29 Nisan 2010 Perşembe

2010 Model Takım ve Oyuncu Değerlendirmesi



Koca bir sezonun daha sonlarına geldiğimiz şu günlerde ağzı olan herkes Galatasaray hakkında birşeyler söylüyor. Rakiplerimizi oynadıkları maçlar 1 gün bile konuşulmazken bizim oynadığımız maçlar tüm hafta konuşulur oldu. Peki şampiyonluğamı gidiyoruz ? Hayır. 3.Sırada Şampiyonlar Ligi şansı bitmiş bi takım olmamıza rağmen herkesin dilinde hala Galatasaray.
Her paltformda herkese tek tek cevap vermek istiyorum ama yetişemiyorum.

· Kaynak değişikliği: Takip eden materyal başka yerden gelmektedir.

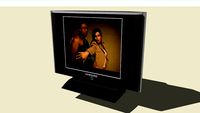 Samsung Slim Fit TV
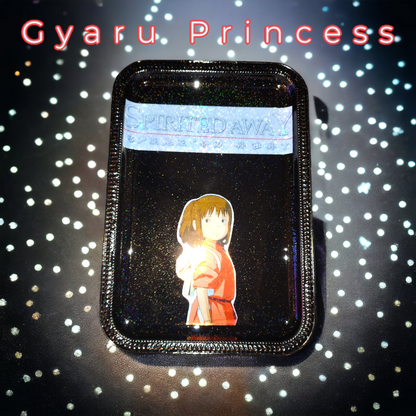 Spirited Away Prismatic Rolling Tray (Studio Ghibli Made 2 Order)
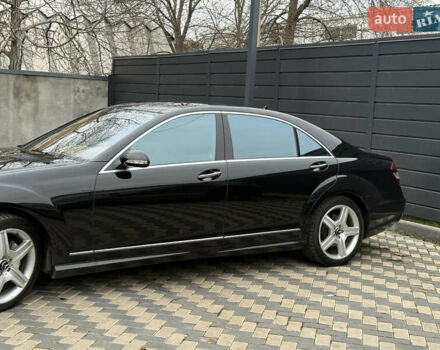 Черный Мерседес С Класс, объемом двигателя 5.46 л и пробегом 70 тыс. км за 20500 $, фото 38 на Automoto.ua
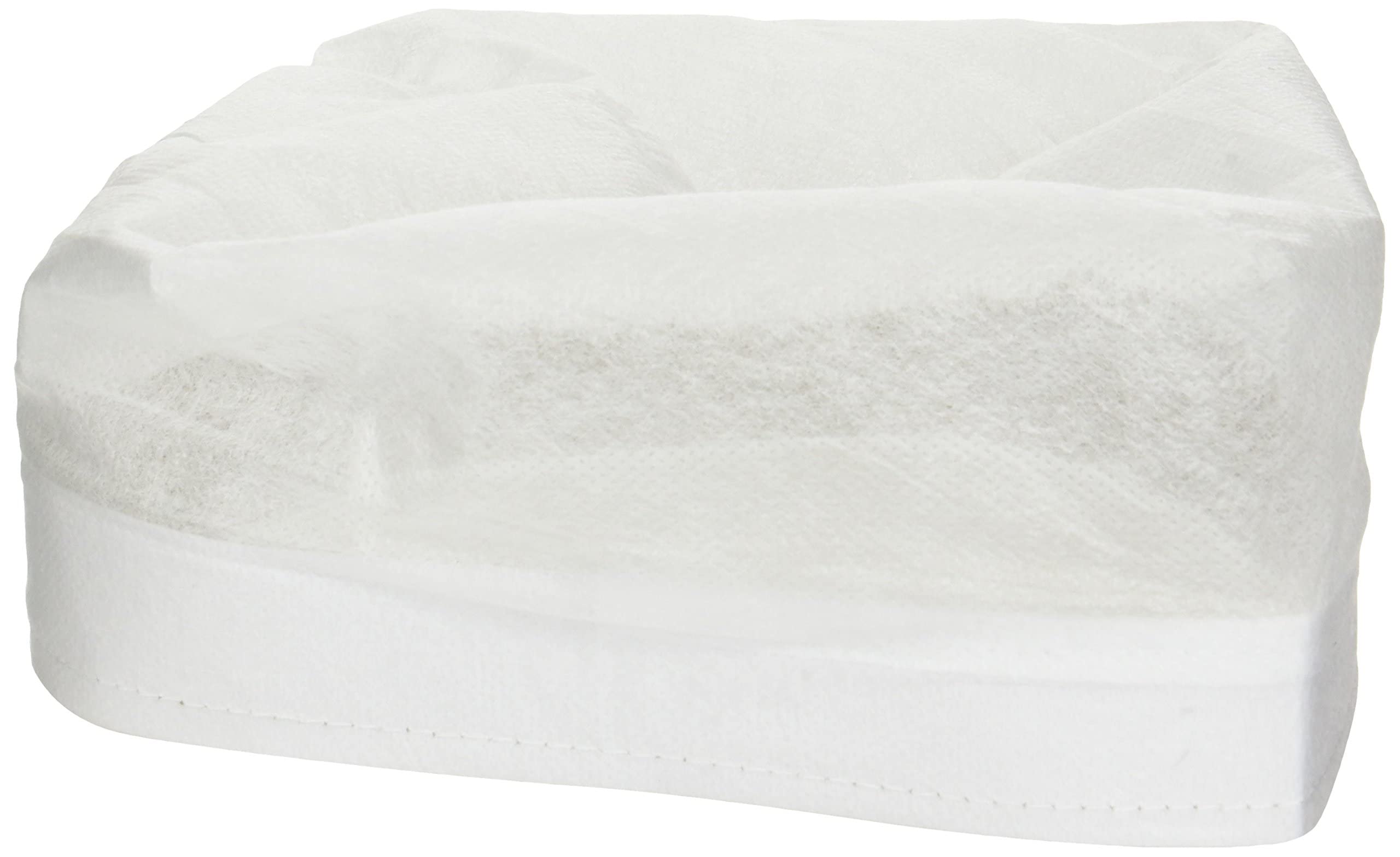 

TRUSCO Helmet Liner Paper Cap, White, 120 pieces (THDC-120)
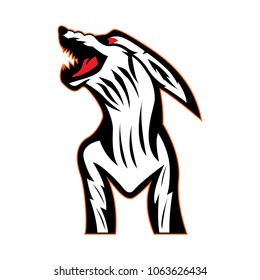 Wolf Creative Concept Logo Design Template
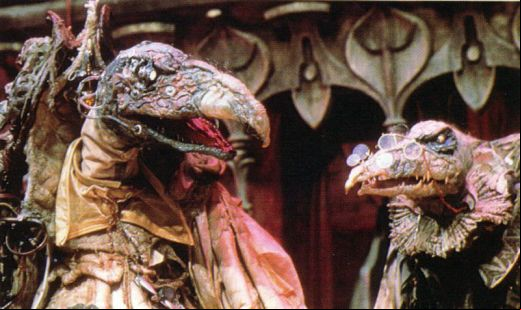 Dark crystal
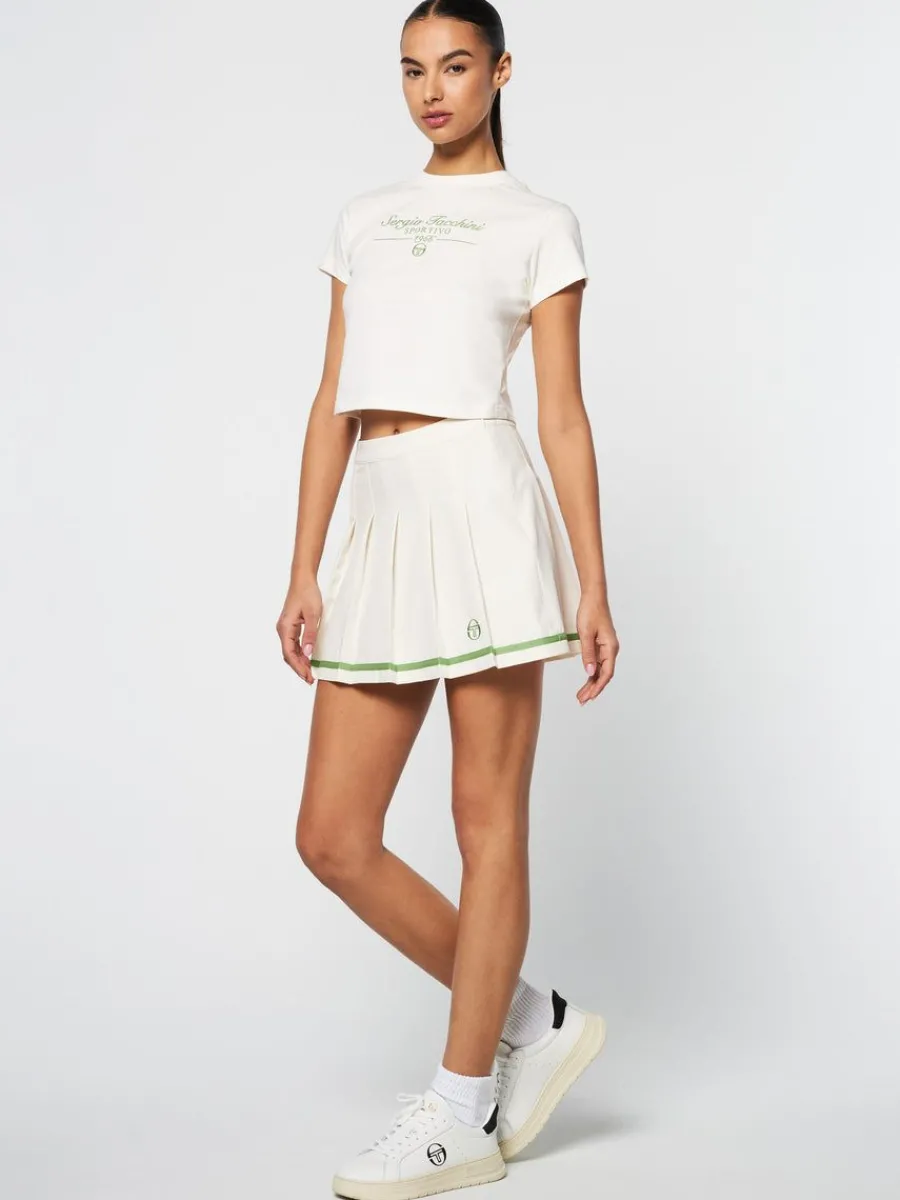 Sergio Tacchini Nicola Graphic T-Shirt- Gardenia Online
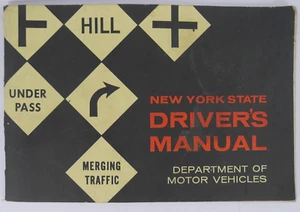 1962 New York State Driver's Manual Vintage Department of Motor Vehicles - Picture 1 of 6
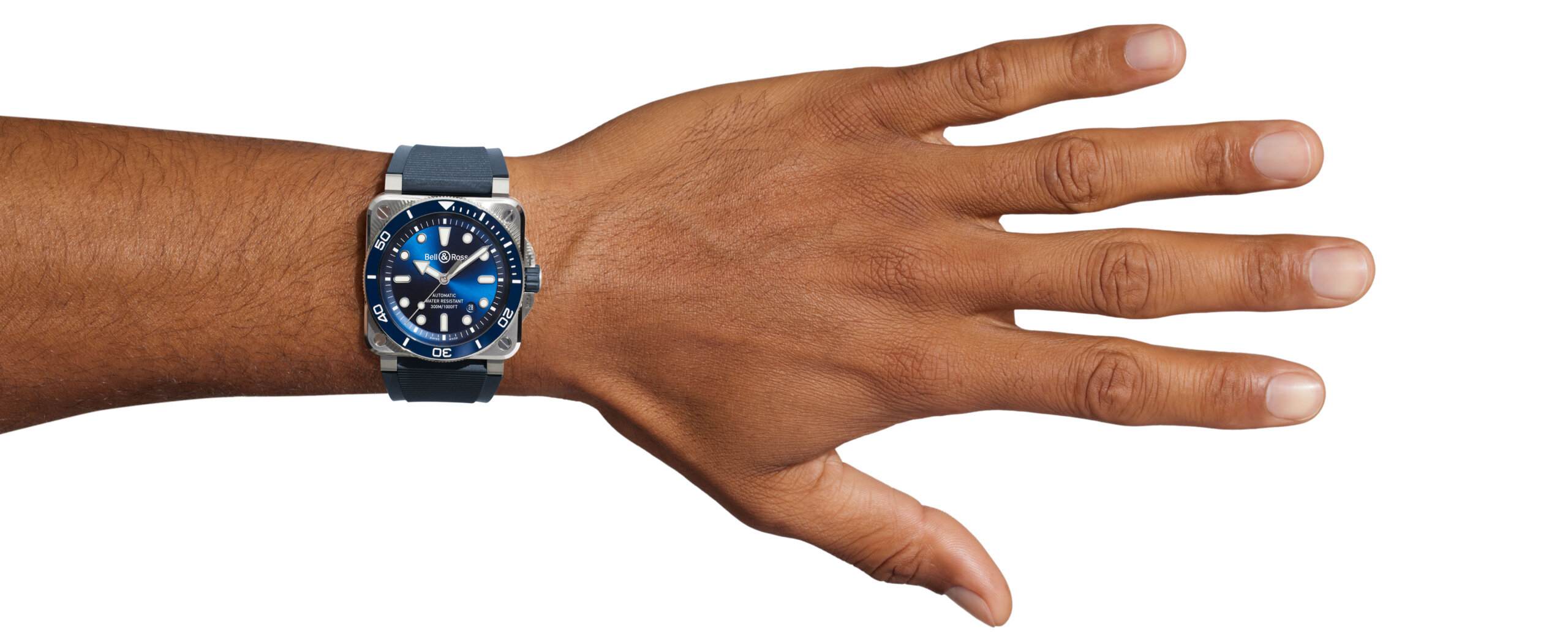 Bell ross diver blue shop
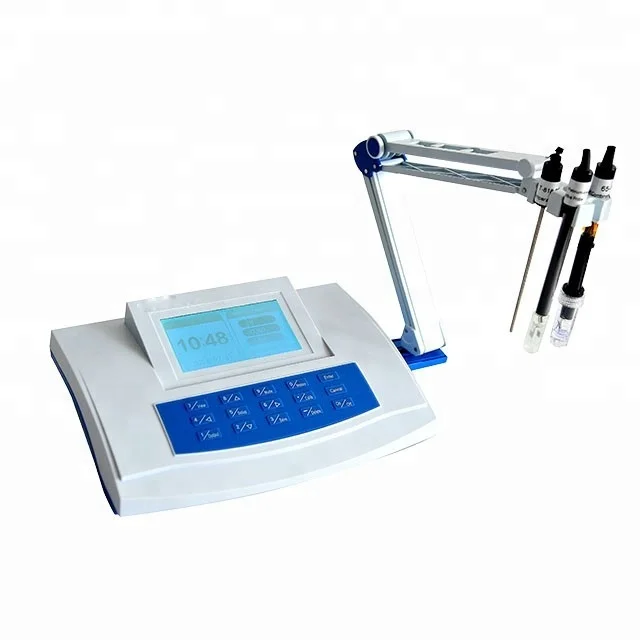 Laboratory High Precision PH Meter, Benchtop PH Meter Price PH-706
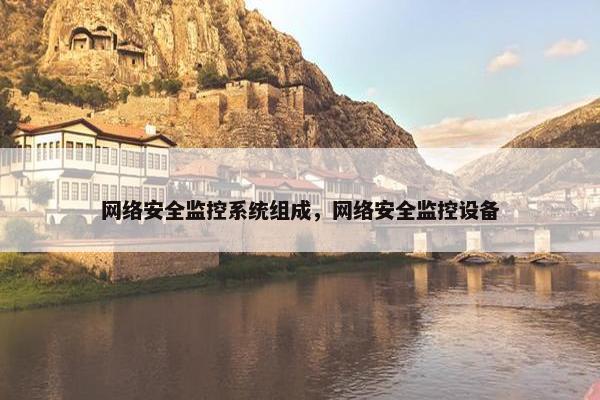 网络安全监控系统组成，网络安全监控设备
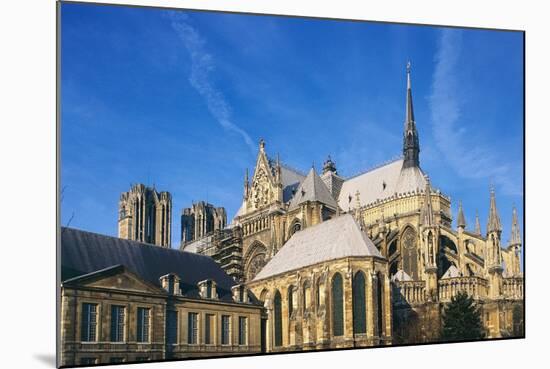 Cathedral of Notre-Dame-null-Mounted Giclee Print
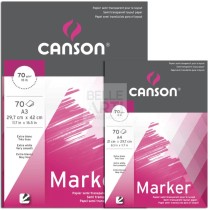 BLOCCO CARTA A4 PER ILLUSTRAZIONI " GRADUATE MARKER LAYOUT " 70 FG - 70 GR
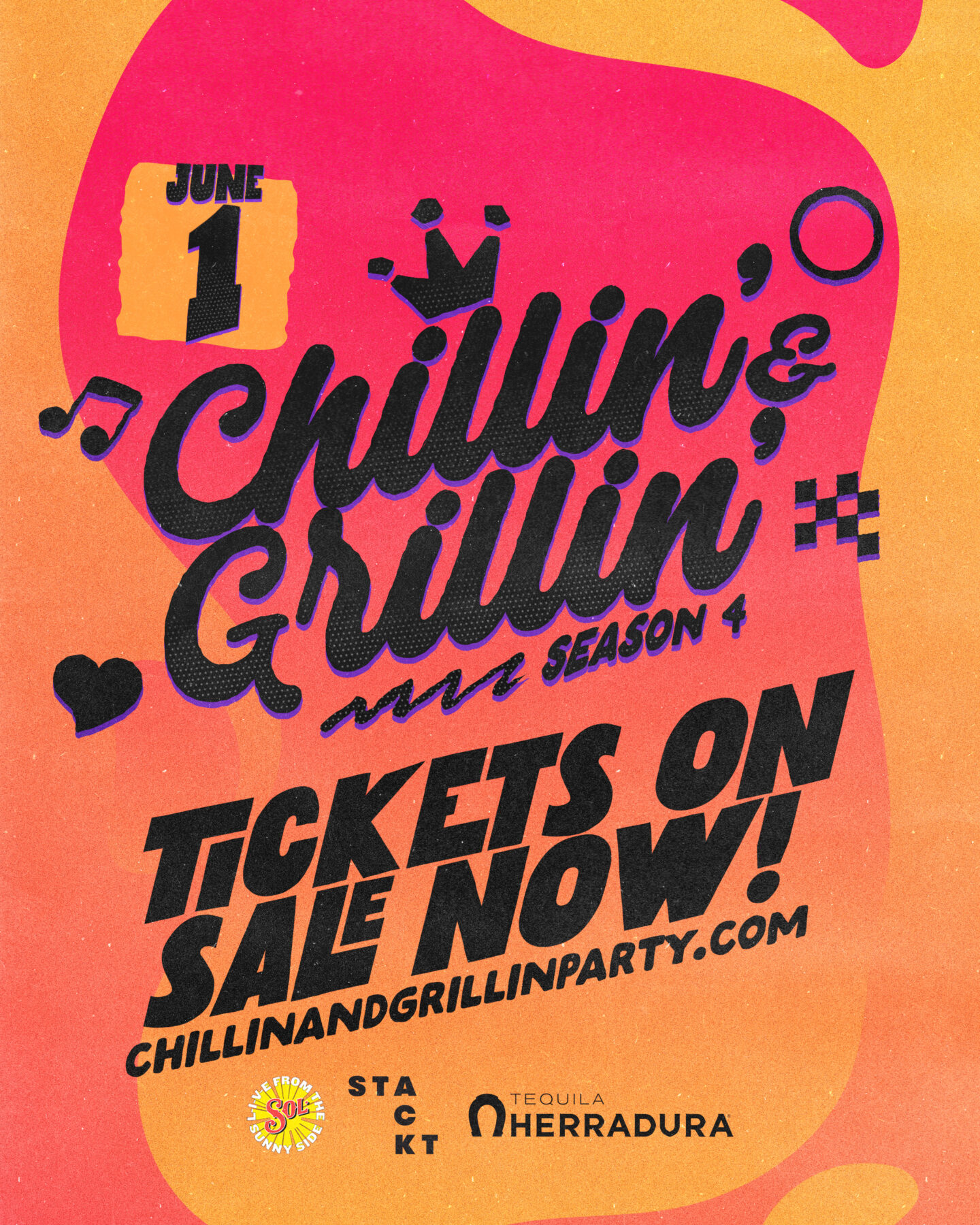 Chillin’ & Grillin’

Bende koca sezonda neler yaptık ? Oturdum düşündüm ve futbolcuların her zaman olduğu gibi kilit görevde olduklarını gördüm. Yönetimdir, hakemlerdi ama futbolcular bu sene takımımızda en çok konuşulan konuydu. Çünkü öyle transferler yaptık ki herkesin dilindeydi. Böyle bir cümle sonrası adama sorarlar: Ne oldu da şampiyonluktan bu kadar uzak kaldı ?
Evet bu sene geçen senekini benzer bir şekilde futbolcuların bireysel sorunları nedeniyle yarıştan geride kaldık. Dediğim gibi kilit: FUTBOLCULAR. Bende futbolcuları ele alığ incelemek istedim ve karşıma şunlar çıktı.


Leo Franco: Sezonun en büyük hatasıdır kendisi. Geldiği günden bu yana kendisini bu çatı altında olsun olmasın, eleştirdim ama sonuna kadar da destekledim. Bazen öyle sinir oldum ki yerden yere vurdum ancak bazı maçlarda da hakkını verdik (İspanya'daki Madrid maçı). Sonuç olarak iyisiyle kötüsüyle Leo Fenerbahçe maçına kadar kaledeydi ancak artık sabrın sonu selâmet olmaktan çıkıp sonu hüsrana ulaştı ve Leo devri kapandı.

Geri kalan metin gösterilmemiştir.